The full problem:
Determine the qualitative behavior near the non-hyperbolic critical point at the origin for the system with $\dot{x} = xy$ and $\dot{y} = -y-x^2$. Sketch the phase portrait.
I have what I think is a correct answer, I just wanted to check the correctness of my statement. I also have a phase portrait, but I double checked it's correctness in some software.
My answer:
First off, here it is easy to tell that the only equilibrium point we have here is indeed the origin. Next, let's discuss the behavior of this solution point.

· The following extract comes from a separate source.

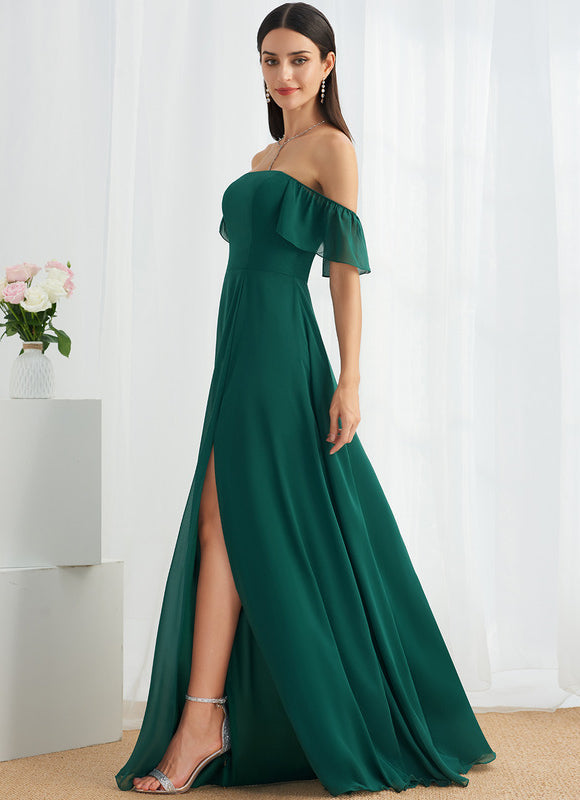 Robe Longue Vert Émeraude À Fente - gallery 2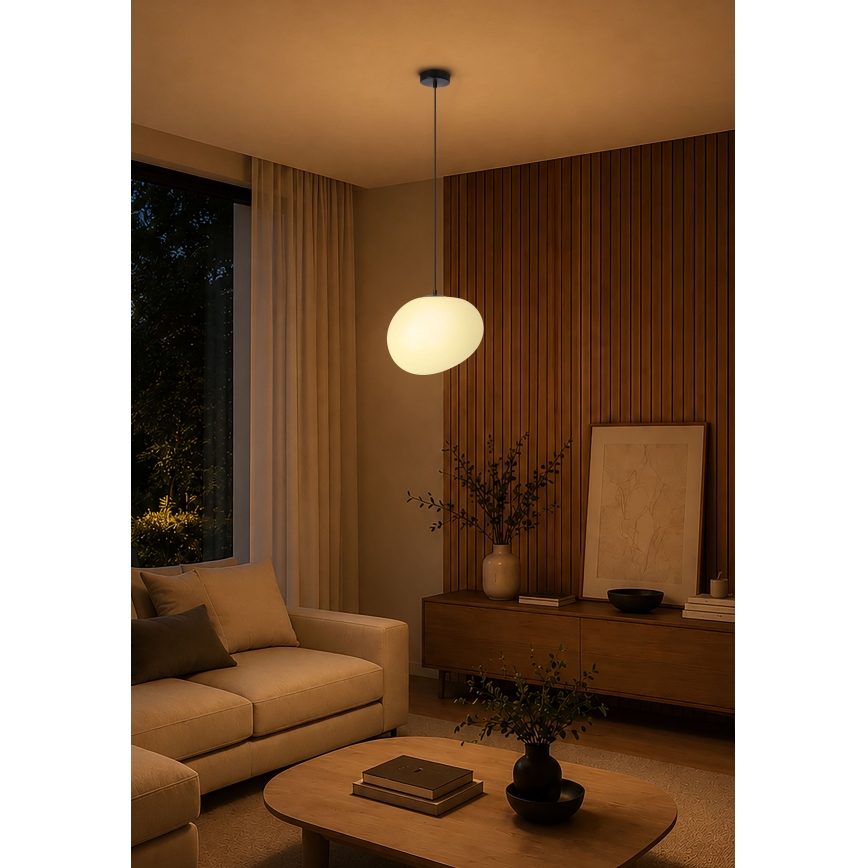 BRILAGI - Hanglamp aan kabel PEBBLES 1xE27/40W/230V Ø 30 cm zwart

$$Df(x,y) = \left( \begin{matrix}y & x\\ -2x & -1\end{matrix}\right)$$ $$Df(0,0) = \left( \begin{matrix}0 & 0\\ 0 & -1\end{matrix}\right)$$
We get then that our eigenvalues are $\lambda_1 = 0$ and $\lambda_2 = -1$. This shows us that the point is indeed stable, and will behave similarly to a stable node. In other words, any solution will sink towards the origin, however, when approaching from $y > 0$, the trajectory will move around the origin because of the first zero eigenvalue.
Your answer is incorrect.
The fact that the eigenvalues are $0$ and $-1$ does not tell you whether the critical point is stable or unstable: it could be either. You need more information.
For example, $\dot{x} = x^2,\; \dot{y} = -y$ also has eigenvalues $0$ and $-1$ but has an unstable critical point.